大ヒット曲「ヴォーグ」をめぐる裁判に勝訴したマドンナ (C)BANG Media International

マドンナが、1990年に発表した大ヒット曲「ヴォーグ」をめぐり、米レコード会社「VMG サルソウル」から著作権違反で訴えられていた裁判で勝訴した。

VMG側はこれまで、プロデューサーのロバート・"シェップ"・ペティボーンが、ザ・サルソウル・オーケストラが1976年に発表した「シカゴ・バス・ストップ」のリミックスナンバーとなる1983年の楽曲「ラブ・ブレイク」からホルンの音をサンプリングして、マドンナの「ヴォーグ」に無断使用したとして、今年初めから訴えを起こしていた。VMGはテクノロジーの進歩によってホルン音のサンプリングの証拠がつかめたと主張しているが、さらに問題をこじらせているのは、プロデューサーのロバートがサルソウル・オーケストラの「ラブ・ブレイク」のリミックスを手掛けた張本人でもあるという事実だった。

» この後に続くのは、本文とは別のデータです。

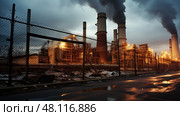 smokestacks coal-fired power plant. Стоковое AI-изображение, AI-художник Vectorwin / Фотобанк Лори
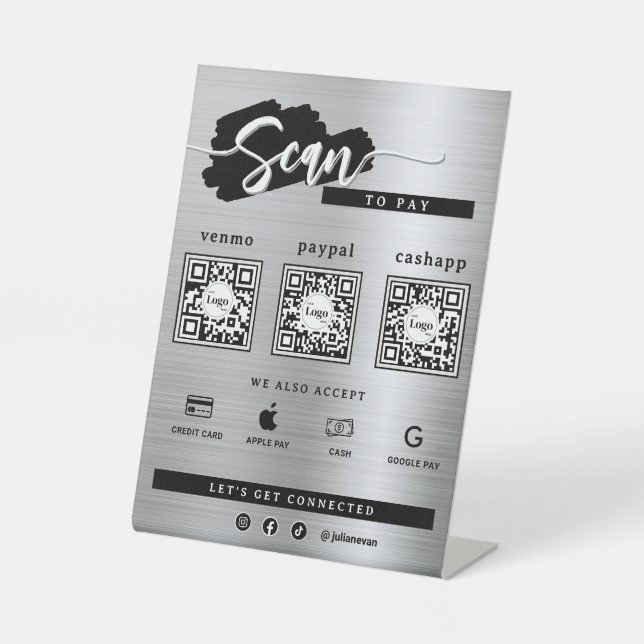 Metallic Silver 3 Qr Code Scan To Pay Frosted Pedestal Sign (Front)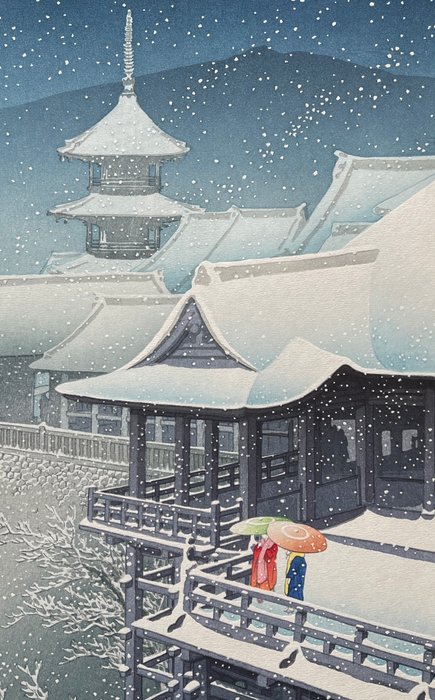 Originalt bloktryk - Papir - Kawase Hasui 川瀬巴水 (1883-1957) - "Haru no Yuki (Kyo no Kiyomizu)" (Spring Snow at Kiyomizu Temple in Kyoto) - Japan - Reiwa perioden (2019 - nu)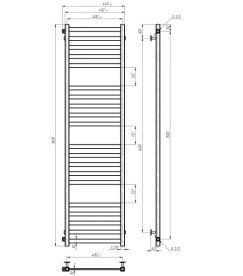 Полотенцесушитель водяной Deffi Magnus П20 400х1600 боковое левое подключение хром A.MA.160.40.20.C.B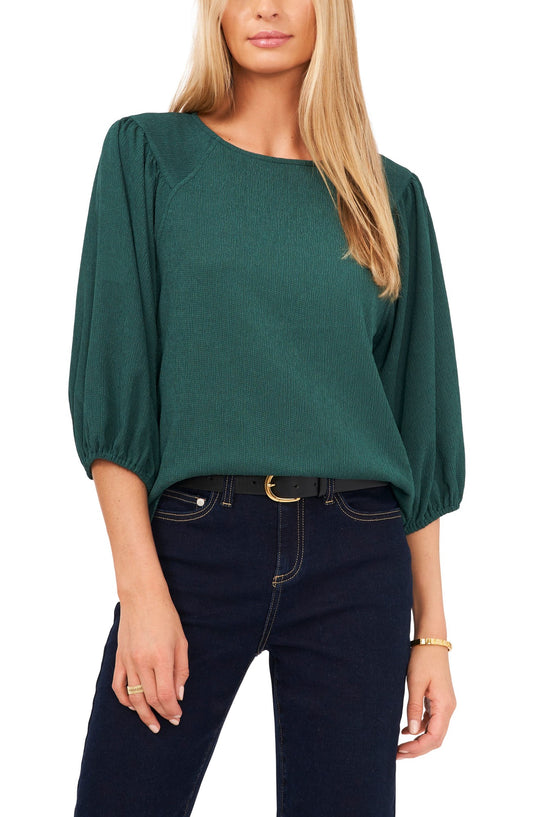 Vince Camuto Women's Puff Sleeve Knit Top - Arresting Emerald - Bellso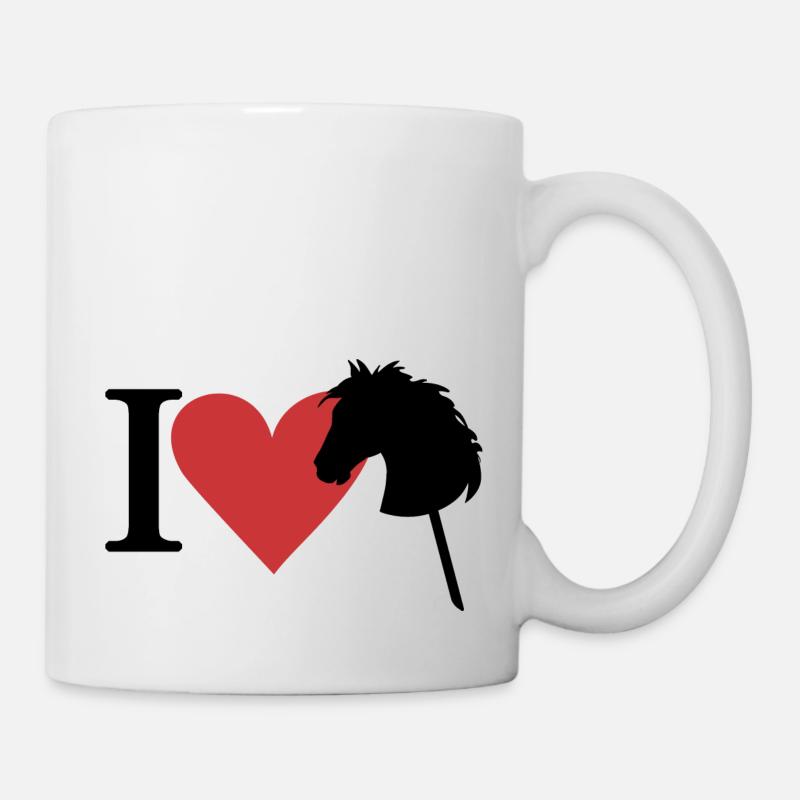 J’ADORE HOBBY HORSE- HOBBY HORSING- CHEVAL SUR UN BÂTON - Mug blanc - blanc
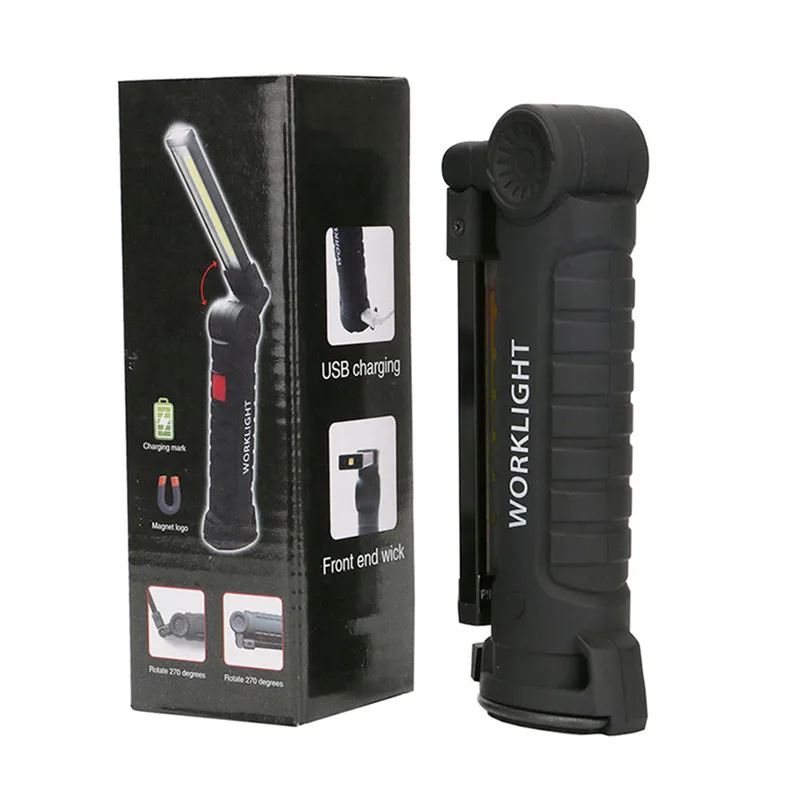LED Portable Flashlight USB Torch Work Light Magnetic Rechargeable COB Hanging Hook Outdoor Auto Car Repair Flashlight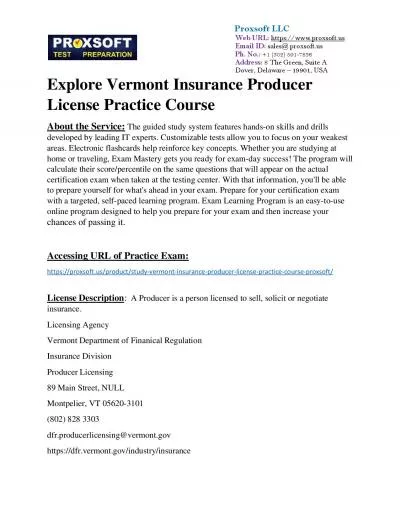 Explore Vermont Insurance Producer License Practice Course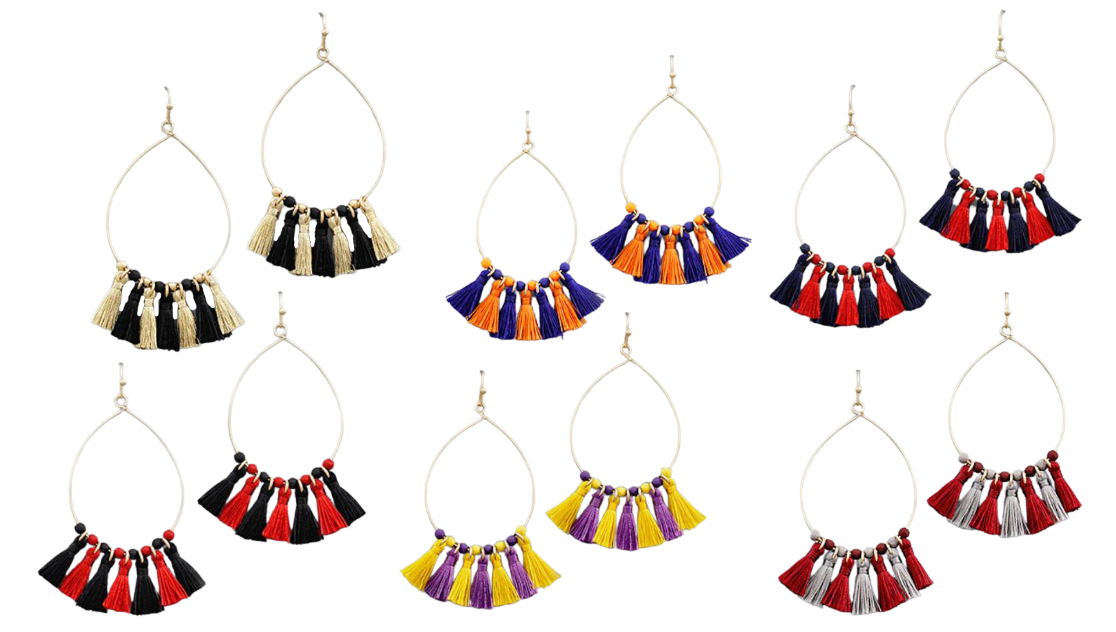 College Tassel & Bead Teardrop Earrings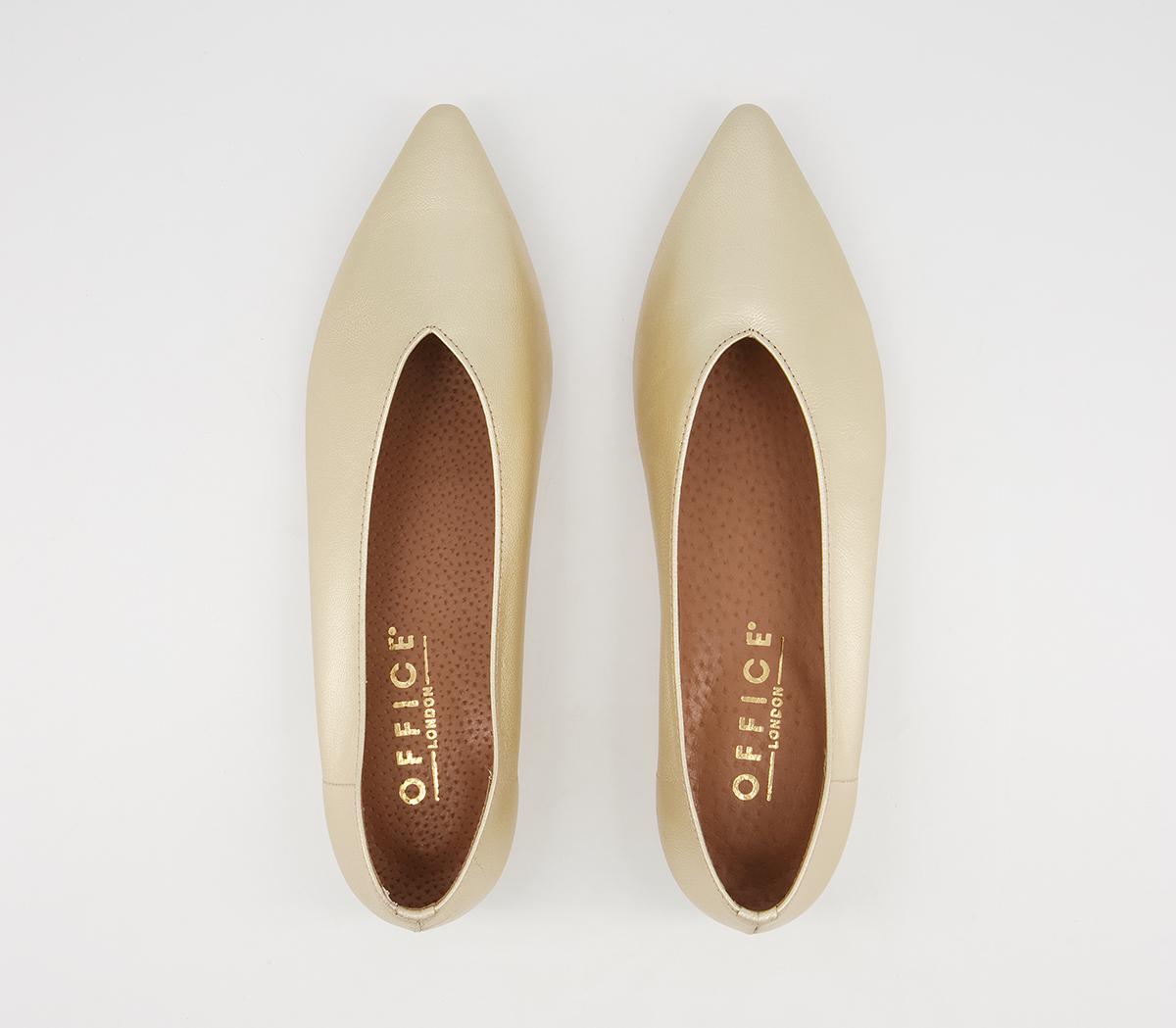 Office Farren Almond Toe Soft Pumps Office Farren Almond Toe Soft Pumps Gold Leather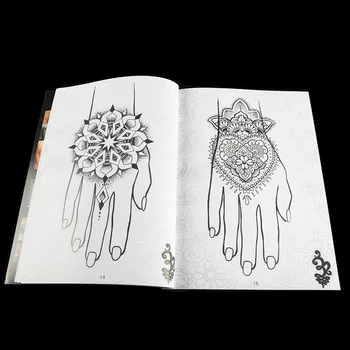 Dövme Kitap Albümü Desen Kına Çiçek Kelebek Stencil Dövmeler Şablon Avrupa Amerika El Göğüs Ayak Bileği Vücut Sanatı El Yazması 4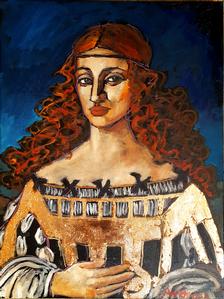 Girl with Wild Hair (After Unknown Italian Artist Portrait of Lucrezia Borgia)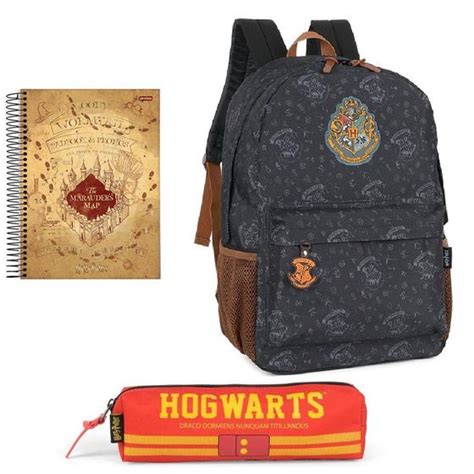 Kit Mochila Escolar Cinza Estojo Caderno Harry Potter Luxcel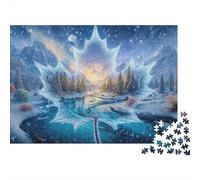 Maple Leaf Lake 1000 Piece Jigsaw Puzzle for Adults Winter Scenery Paper Puzzle Game Relaxing Gift 38x26cm/1000pcs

しかし、今回の判決で判事は「一般のリスナーはサンプリングかどうかを認識できないため、そのホルン音がサンプリングされたかどうかは問題ではない」と判断し、マドンナ側の実質勝訴の判決を下している。カリフォルニア州のビバリー・オコネル判事は「『シカゴ・バス・ストップ』『ラブ・ブレイク』『ヴォーグ』の3曲をそれぞれ聴きましたが、裁判所としては、著作権侵害の観点から質的にも量的にもサンプリングされた事実をリスナーが判断できる明らかな証拠はなく、また、それを認識することもないと判断しました。したがって、本件ではオリジナルの楽曲からのホルン音のサンプリングは事実上最小限、もしくはささいなものと判断します」と判決文を読み上げている。

これを受けて、マドンナとロバート側のリチャード・ブッシュ弁護士は「我々は本件の判決に満足しております。明白に正しい結果だと受けとめています」とコメントを発表している。